One of the curses (and blessings) of my personality type is that I probably can tell you how “that” works, or have a very good guess at synthesising an answer. This ability derives from my encyclopaedic knowledge of how stuff does actually work, built up from lifelong study driven by unending curiosity.

Knowing how stuff works is very useful, but sometimes of course, the curosity can lead one into strange directions.

And so to the Single Retail Banana (SRB), which I have now observed in various motorway service areas, and wondered on how it came to be.

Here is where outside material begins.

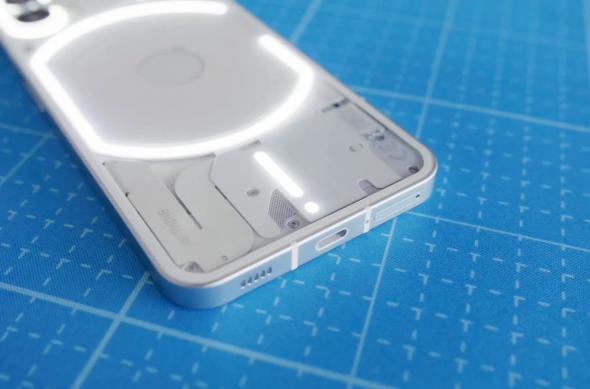 Nothing Phone (1) - Hands-on: FVyaoBXakAA6Piq.jpg
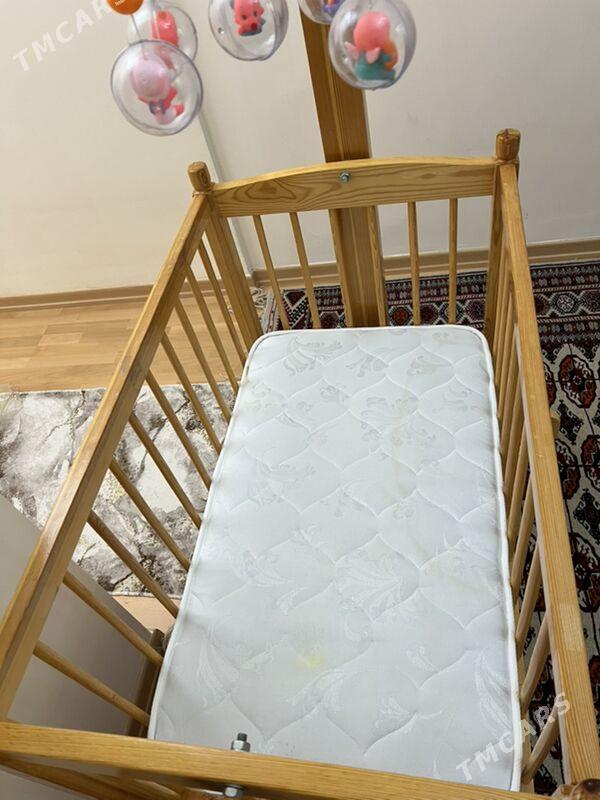 кроватка - Podwoýski köç. (Bitarap Türkmenistan şaýoly) - img 3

The Traditional Bunch Banana (TBB) is quite a good product with its own fully recyclable packaging, in multipack format (i.e., hands/bunches). The SRB is however an interesting development – somebody has managed to get bananas to grow as singletons, rather than in bunches with a little vestigial stalk, rather than the full monty torn off a bunch (see the picture below)
Comparing Banana Stalks

The SRB could of course be a variety of banana that just grows that way, but my guess is they stick a little band/ring on the stalk to restrict total growth and make the fruit drop off (just like farmers do with lambs tails)

So, imagine the excitement as the group of fruit design consultants and edible plant engineers got together and realised that they could make a banana that saves money by picking itself, requires no processing to tear the bunches and with less stalk, costs less to transport. What a thrill!